In recent years, no matter who runs for the Tweedledum/Tweedledee Democratic/Republican tickets, the presidential nomination conventions, campaign stops, and inaugural coronations are surrounded by assaults on the First Amendment right to demonstrate. (If you disagree with the brothers Tweedledum/Tweedledee reference, are Obama and McCain more materially the same than they are different? Yes, I am voting for Obama to have a less oppressive and less militaristic government than McCain would bring and maintain, but Obama will heavily support business as usual with the military-industrial-government complex; the failed and oppressive drug war that runs roughshod on the Constitution; the legalized murder of the capital punishment system; the oppressiveness of the PATRIOT Act, and countless other government assaults on civil liberties and democracy. Does the two-party-dominated system sufficiently support a truly democratic and just society? I think not.)
Typically, and currently in Denver, convention demonstrators are kept blocks away from the convention site, nullifying the very purpose of their demonstrations. The same is sure to happen at the Republican convention. Also typically, presidential coronations, I mean inaugurations, lately have been examples of Soviet-style clampdowns on protestors and well-choreographed sanitized inaugural parades.

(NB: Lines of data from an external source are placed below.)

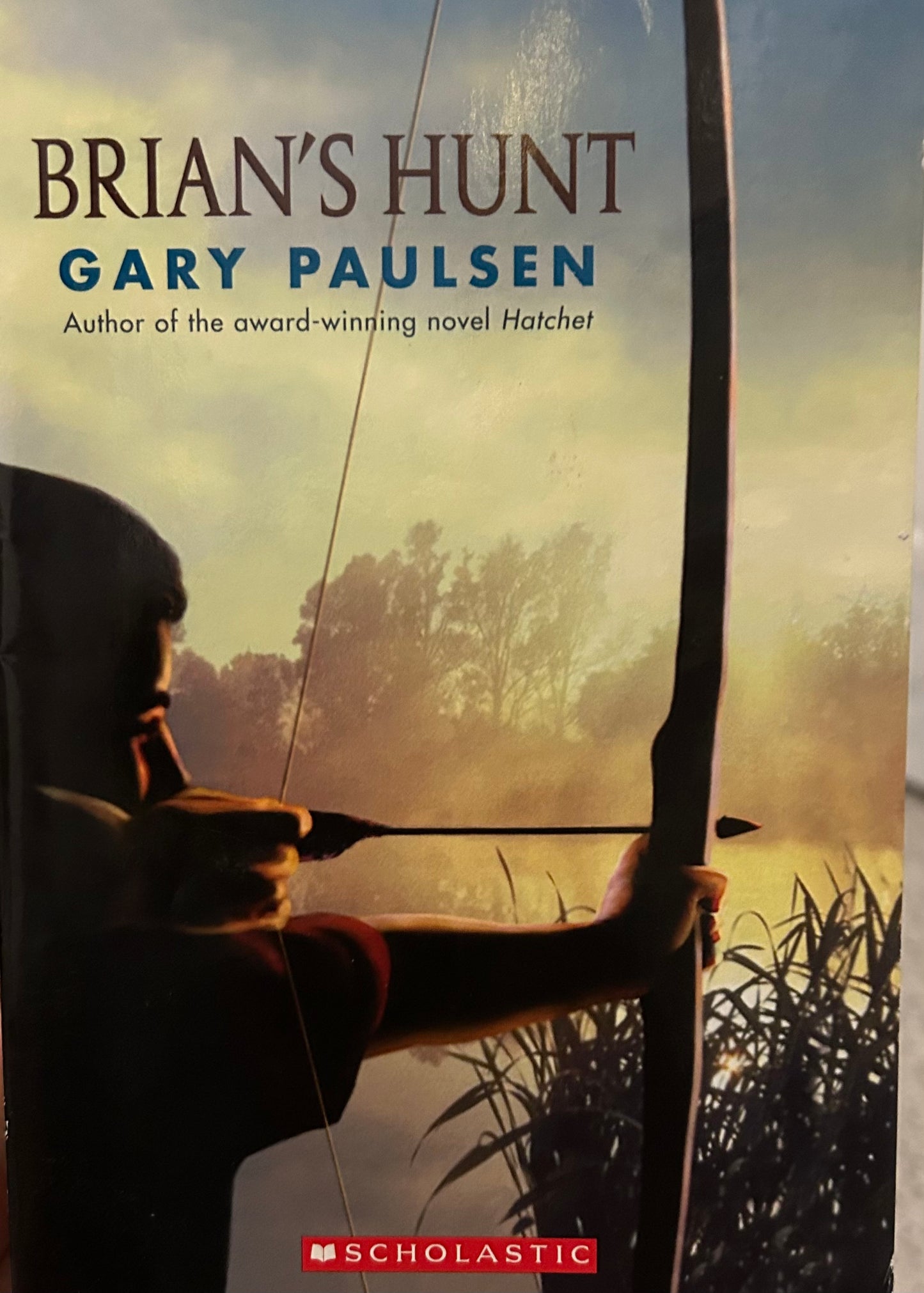 Hatchet Series by Gary Paulsen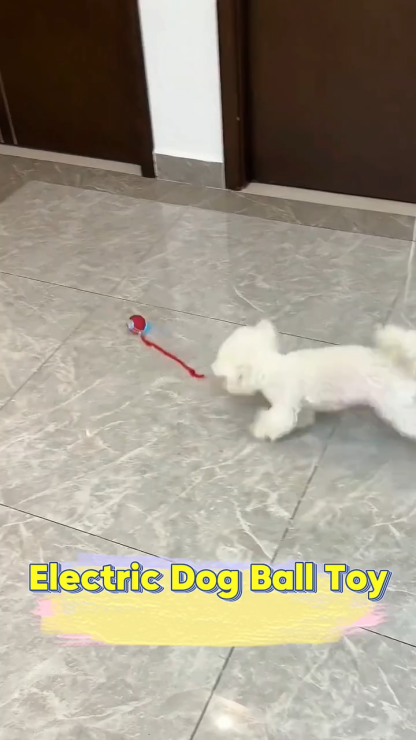 Automatic Rolling Ball Smart Cat Dog Toy
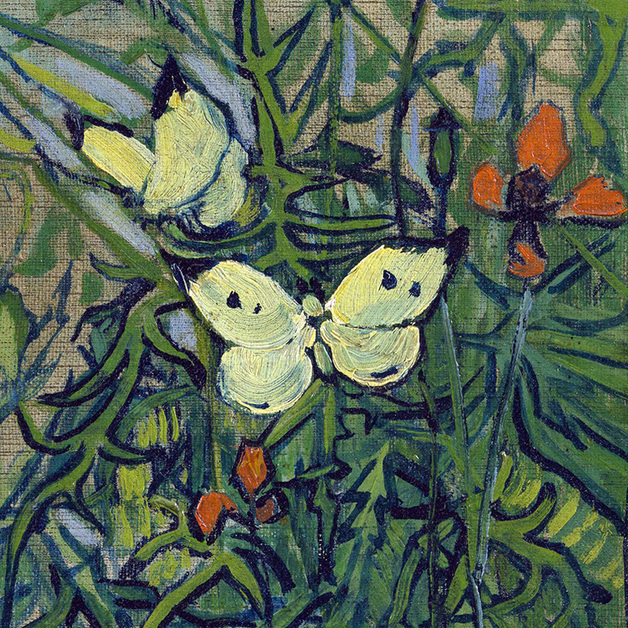 Butterflies and Poppies  (detail) by Vincent van Gogh 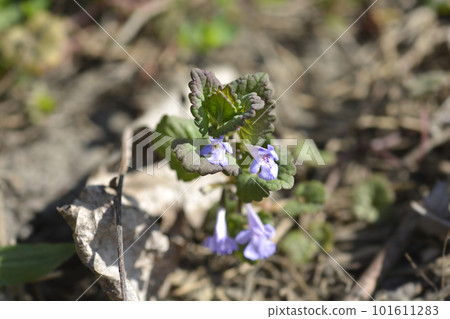 Ground-ivy Ground-ivy 101611283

Certainly official clampdowns on and intimidation of demonstrators in the United States go far beyond presidential politics. As I have witnessed firsthand, police have a repeated habit of taking repeated close-up photos and videos of demonstrators at large demonstrations against presidential policies in Washington, D.C.; the police purport merely to be gathering evidence, but I have trouble believing that their actions are not also calculated to intimidate. During the April 16, 2000, weekend anti-World Bank/IMF protests, when I spent an entire Saturday defending arrested demonstrators at their bond hearings in the District of Columbia Superior Court, on my way to the nearby federal courthouse, I challenged a couple of police officers on an eerily mainly deserted street whether there was any purpose for their being dressed all in black with boots other than to intimidate; they did not answer. On the Friday late afternoon after the September 11, 2001, massacres, I saw military vehicles rolling down K Street a few blocks from my law school (granted, probably not intended to intimidate demonstrators, but a reminder of how much the United States is not safe from martial law government and martial law tactics). In the early Nineties on one of the many protest weekends — most weekends in Washington are booked with one or many demonstrations, running from tame flag-waving events to strong opposition to one or many government policies and actions — I saw a fatigue-wearing soldier on the street corner in front of the Treasury Department. During the September 2007 anti-Gulf War II demonstration in Lafayette Park, I saw cops not only at the ready to use force if ordered to do so, but also roaming in the crowd of peaceful demonstrators on the road that for years always has been closed to traffic in front of the presidential palace.
On July 14, 2008, I wrote about the public indifference — but likely complicity if not downright participation — ordinarily shown by presidential candidates and other high-profile politicians towards First Amendment violations against demonstrators protesting those politicians. Do McCain and Obama approve of such clampdowns? Will they voice their opinion on this matter, whatever are their opinions? Will they speak out for greater protection of demonstrators at their conventions, campaign stops, inauguration, and beyond? I am not holding my breath, including because their very discussion of the issue acknowledges the severe problem, and, in their silence, perhaps they hope the issue will stay off most voters’ radars. Do not let them do it. Jon Katz.
ADDENDUM: Thanks to a fellow listserv member for posting the above-displayed video.